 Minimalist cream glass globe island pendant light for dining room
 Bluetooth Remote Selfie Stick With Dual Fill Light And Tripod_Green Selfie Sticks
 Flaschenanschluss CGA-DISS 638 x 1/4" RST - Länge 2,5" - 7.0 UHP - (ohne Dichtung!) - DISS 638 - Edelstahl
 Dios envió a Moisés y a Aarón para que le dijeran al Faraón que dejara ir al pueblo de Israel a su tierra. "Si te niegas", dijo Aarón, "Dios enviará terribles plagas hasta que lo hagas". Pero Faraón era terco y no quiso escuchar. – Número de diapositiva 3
********
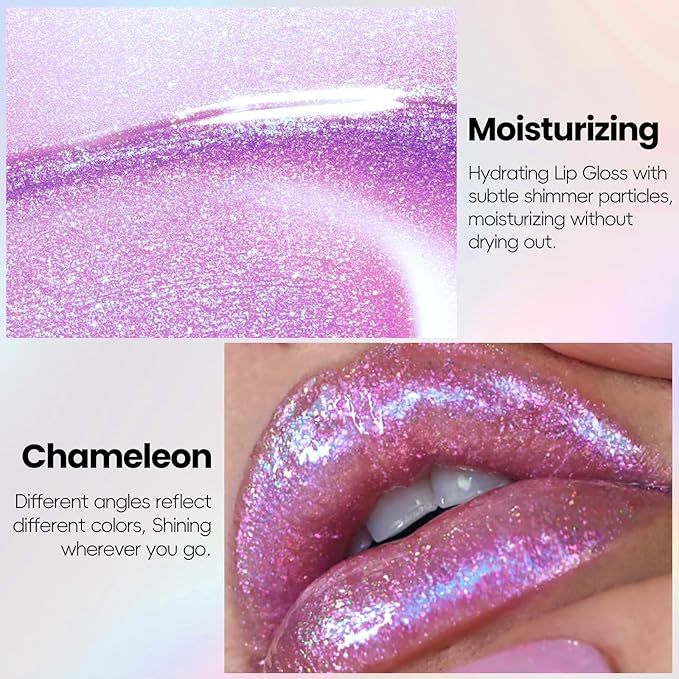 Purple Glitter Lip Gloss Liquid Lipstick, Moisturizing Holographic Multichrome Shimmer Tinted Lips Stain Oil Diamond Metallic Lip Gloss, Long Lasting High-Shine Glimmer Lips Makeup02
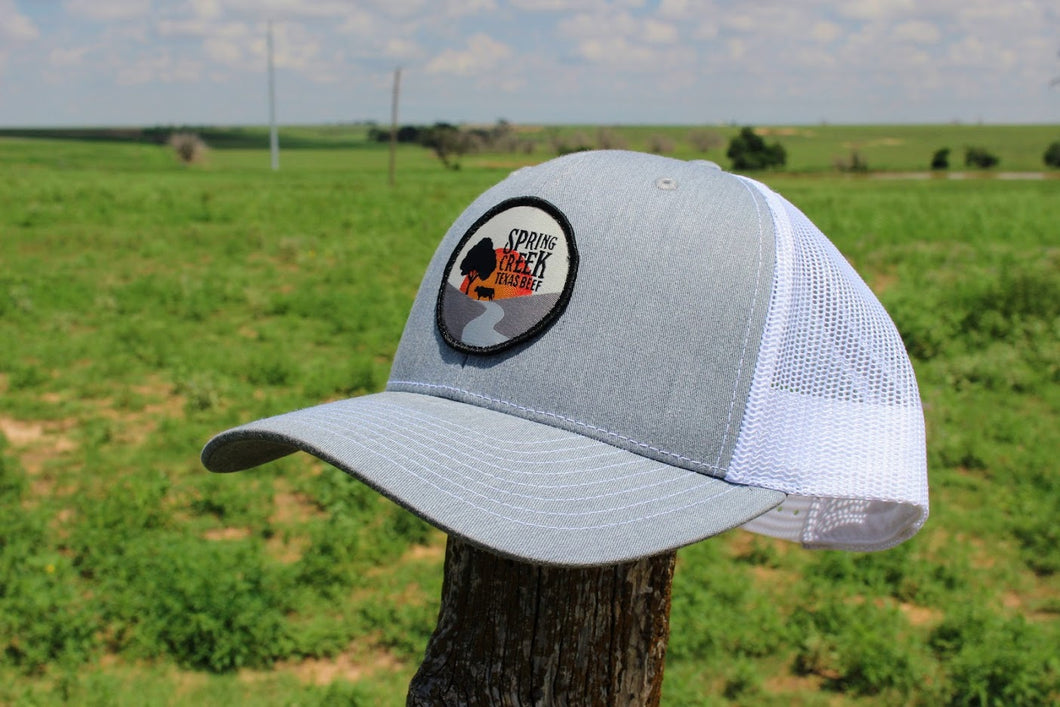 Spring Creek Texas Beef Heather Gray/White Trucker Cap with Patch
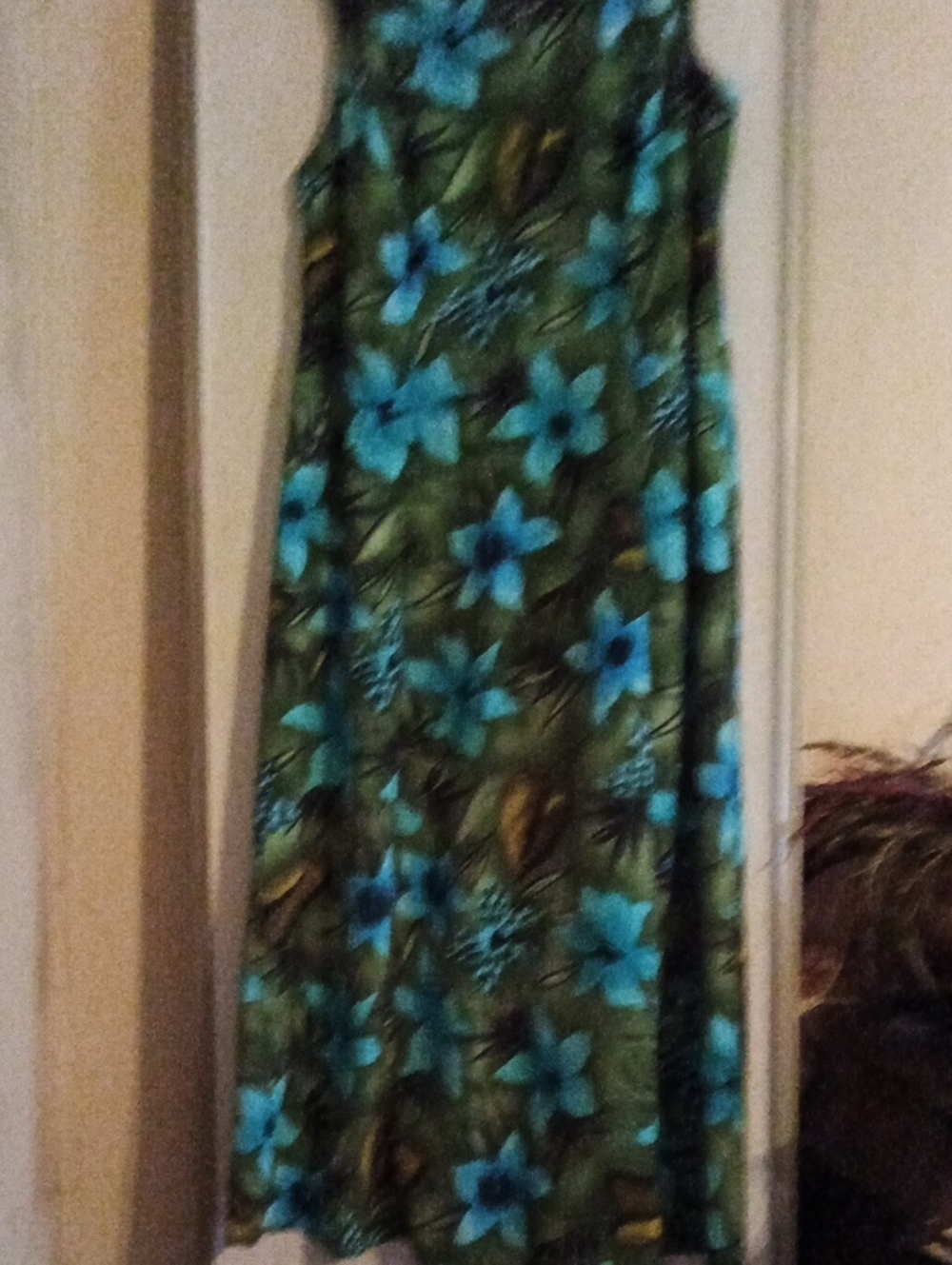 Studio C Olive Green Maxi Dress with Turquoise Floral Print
********
DIRECTIONS:
For the entries above, print exactly the lines between the one with "Purple Glitter Lip" and the one with "Studio C Olive", inclusive, with no pictures.

REPLY:
 Purple Glitter Lip Gloss Liquid Lipstick, Moisturizing Holographic Multichrome Shimmer Tinted Lips Stain Oil Diamond Metallic Lip Gloss, Long Lasting High-Shine Glimmer Lips Makeup02
 Spring Creek Texas Beef Heather Gray/White Trucker Cap with Patch
 Studio C Olive Green Maxi Dress with Turquoise Floral Print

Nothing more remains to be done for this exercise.